Sadly, world leaders have also used the current crisis to blame each other in a set-up more like a boxing match than an international summit. The most recent example of this mud-flinging came from Czech prime minister Mirek Topolanek, who described Barack Obama's policies as the "road to hell". Well done mate  — that's going to be comfortable this week in Prague.

Yet people need to understand that if everyone has problems, everyone must sort them out. Right-wing ethics simply will not work in this situation as the recession is already characterised by a lack of trust and confidence. Add international scapegoating and isolationism into the mix from conservative governments and it is almost certain that problems will be exacerbated.

Sadly, this brotherhood we must have to move forward in a safe world is very unlikely to happen.
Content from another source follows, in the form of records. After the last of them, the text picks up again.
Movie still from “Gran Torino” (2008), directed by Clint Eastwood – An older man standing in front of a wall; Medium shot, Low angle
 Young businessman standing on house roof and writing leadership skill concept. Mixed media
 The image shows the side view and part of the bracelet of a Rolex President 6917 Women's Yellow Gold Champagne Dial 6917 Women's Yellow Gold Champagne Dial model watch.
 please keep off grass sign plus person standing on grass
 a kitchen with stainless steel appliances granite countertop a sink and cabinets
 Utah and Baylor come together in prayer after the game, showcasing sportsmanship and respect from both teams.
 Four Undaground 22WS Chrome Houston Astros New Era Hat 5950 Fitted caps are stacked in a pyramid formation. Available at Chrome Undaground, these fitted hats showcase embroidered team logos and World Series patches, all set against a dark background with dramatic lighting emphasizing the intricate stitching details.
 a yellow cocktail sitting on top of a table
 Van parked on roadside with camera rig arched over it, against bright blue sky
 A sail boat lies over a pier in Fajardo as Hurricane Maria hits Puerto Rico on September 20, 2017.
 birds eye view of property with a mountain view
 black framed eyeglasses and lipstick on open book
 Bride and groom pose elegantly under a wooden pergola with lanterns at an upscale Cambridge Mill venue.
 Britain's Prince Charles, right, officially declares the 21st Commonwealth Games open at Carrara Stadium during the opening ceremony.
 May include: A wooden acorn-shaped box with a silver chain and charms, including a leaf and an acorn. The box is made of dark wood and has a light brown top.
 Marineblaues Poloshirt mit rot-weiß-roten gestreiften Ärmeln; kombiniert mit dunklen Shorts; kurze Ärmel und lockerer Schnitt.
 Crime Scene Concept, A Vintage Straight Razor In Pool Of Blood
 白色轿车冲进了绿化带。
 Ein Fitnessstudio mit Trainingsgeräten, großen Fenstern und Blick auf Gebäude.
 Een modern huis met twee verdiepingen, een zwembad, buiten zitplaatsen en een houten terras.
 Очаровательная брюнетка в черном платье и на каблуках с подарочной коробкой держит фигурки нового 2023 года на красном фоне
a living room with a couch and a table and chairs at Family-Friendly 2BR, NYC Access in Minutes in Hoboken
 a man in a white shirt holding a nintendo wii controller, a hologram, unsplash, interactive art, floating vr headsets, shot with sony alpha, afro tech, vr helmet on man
Many people are hung up on national identity and will likely shun their European or worldwide neighbours out of fear, ignorance or contempt.

What will likely happen at G20 is that the world's leaders will get some photos together, have a few harsh words here and there, get a scapegoat or two and then propose a so-called plan which will not be really seen by anyone. The recession will take a couple of years to see the back of through simple causality, the whole period will go in history books and we'll move on.

I just hope that the ultimate generation read these books. If we do not learn quickly that the foundations of our lives are generally shambolic, years of hard work in all sectors will be ultimately fruitless.

Through working internationally, everyone will feel the benefits. I'd go as far as to say that in a refined European structure, it could very much work. And yes, I'm openly saying that we should join Europe and, by extension, the Euro  — after all, a centralised bank powered by major Western forces would, in my view, continue to be stronger.

This is also unlikely to happen however because, dear reader, people find it very hard to make short-term sacrifices for long-term comfort and safety.

Greed, selfishness and ignorance are holding us back. It's what started the damn recession in the first place. If G20 leaders don't learn this in the next few days, they might as well have stayed at home.